[DATA UNDER STUDY]
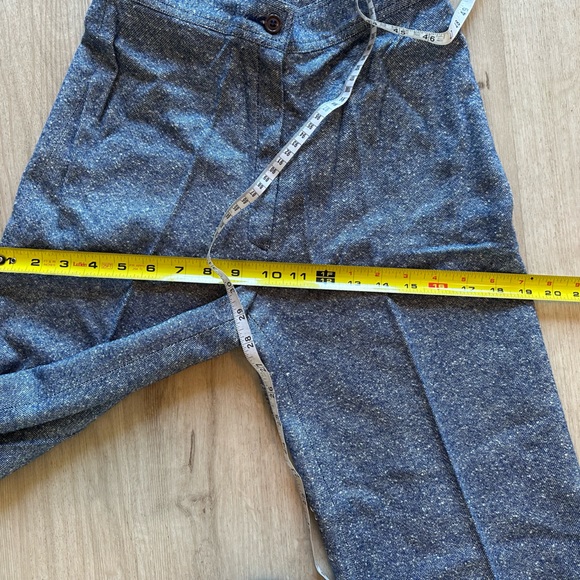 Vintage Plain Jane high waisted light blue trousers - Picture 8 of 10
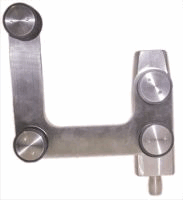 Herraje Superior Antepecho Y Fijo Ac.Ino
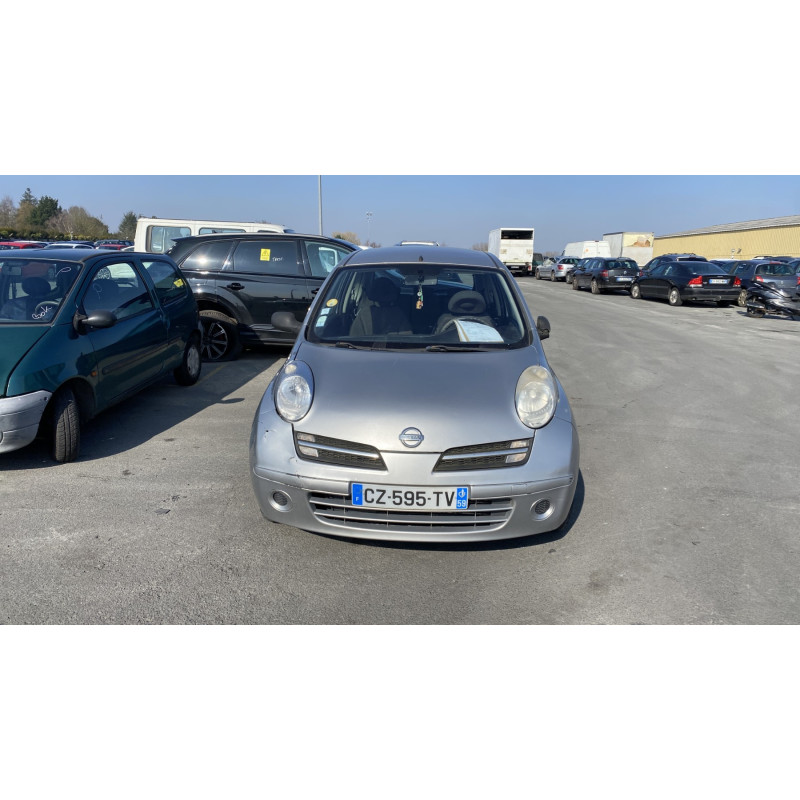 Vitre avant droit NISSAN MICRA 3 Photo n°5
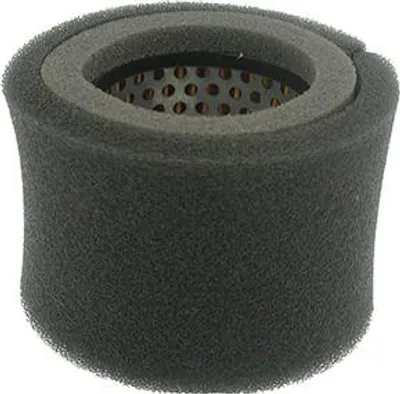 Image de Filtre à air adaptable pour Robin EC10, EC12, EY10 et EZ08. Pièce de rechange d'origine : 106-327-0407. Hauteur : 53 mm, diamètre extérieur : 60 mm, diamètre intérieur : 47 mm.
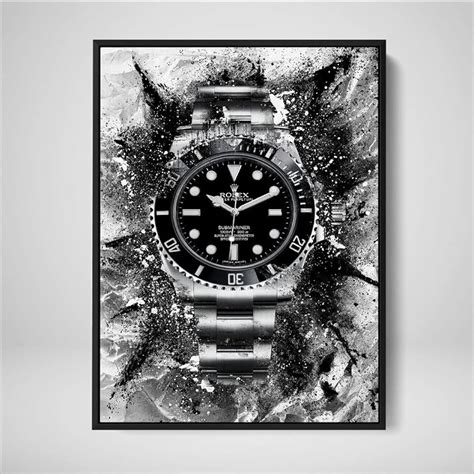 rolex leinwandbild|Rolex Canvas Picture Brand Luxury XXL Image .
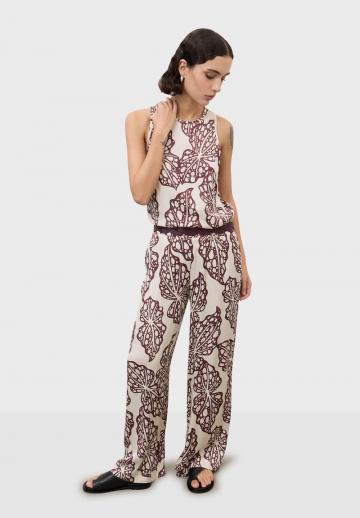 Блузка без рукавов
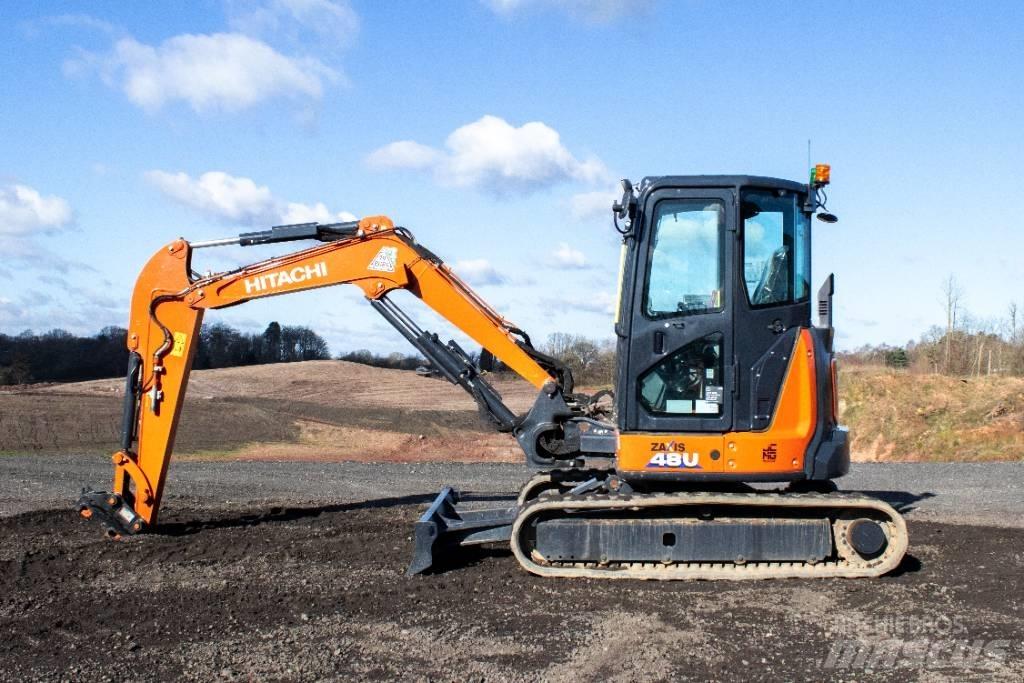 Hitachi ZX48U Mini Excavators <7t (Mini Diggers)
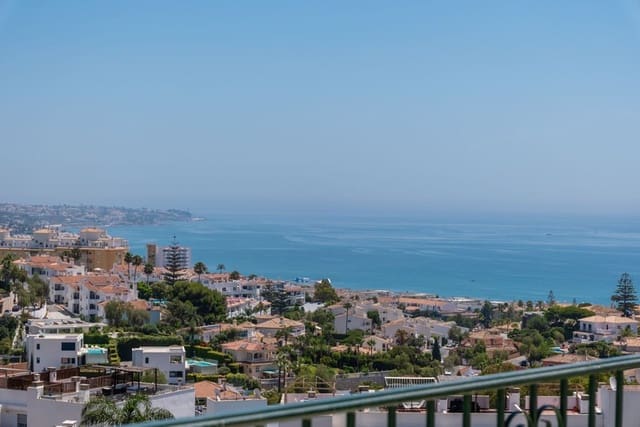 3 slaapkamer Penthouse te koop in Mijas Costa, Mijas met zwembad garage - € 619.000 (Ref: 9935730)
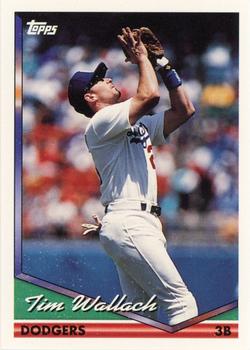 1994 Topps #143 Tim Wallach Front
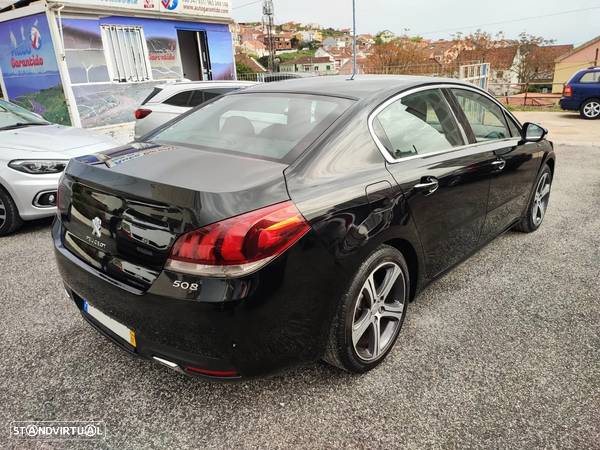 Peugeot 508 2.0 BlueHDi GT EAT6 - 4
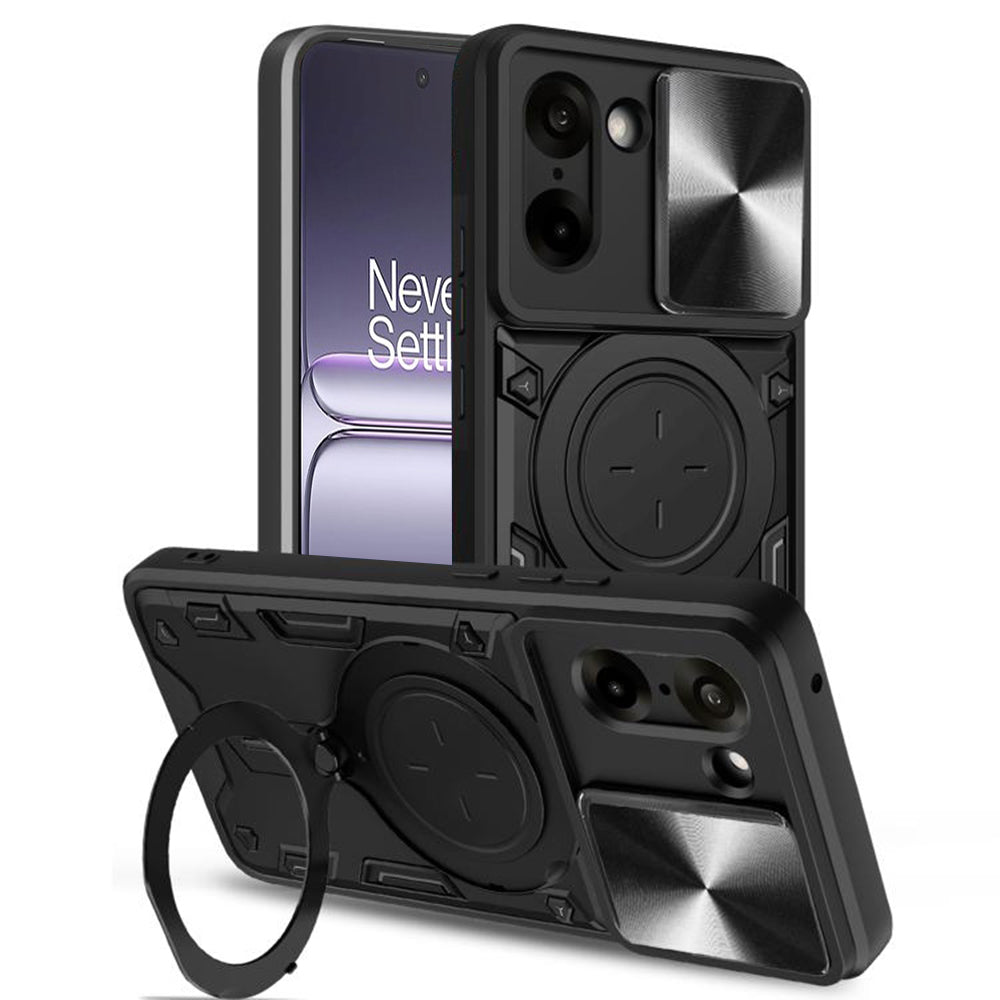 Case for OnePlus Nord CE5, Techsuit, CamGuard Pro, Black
[/DATA UNDER STUDY]
[DATA UNDER STUDY]
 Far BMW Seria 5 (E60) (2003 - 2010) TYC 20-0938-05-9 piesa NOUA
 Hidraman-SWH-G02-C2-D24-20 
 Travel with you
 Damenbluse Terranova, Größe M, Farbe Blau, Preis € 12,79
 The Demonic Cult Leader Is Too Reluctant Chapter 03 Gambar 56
[/DATA UNDER STUDY]
= PROBLEM TO SOLVE =
Please return the data above exactly as it stands from the line with "Vitre avant droit NISSAN MICRA 3 Photo n°5" to the line with "Case for OnePlus", keeping both of those lines but none of the pictures.

= OUTPUT OF THE EXERCISE =
 Vitre avant droit NISSAN MICRA 3 Photo n°5
 Image de Filtre à air adaptable pour Robin EC10, EC12, EY10 et EZ08. Pièce de rechange d'origine : 106-327-0407. Hauteur : 53 mm, diamètre extérieur : 60 mm, diamètre intérieur : 47 mm.
 rolex leinwandbild|Rolex Canvas Picture Brand Luxury XXL Image .
 Блузка без рукавов
 Hitachi ZX48U Mini Excavators <7t (Mini Diggers)
 3 slaapkamer Penthouse te koop in Mijas Costa, Mijas met zwembad garage - € 619.000 (Ref: 9935730)
 1994 Topps #143 Tim Wallach Front
 Peugeot 508 2.0 BlueHDi GT EAT6 - 4
 Case for OnePlus Nord CE5, Techsuit, CamGuard Pro, Black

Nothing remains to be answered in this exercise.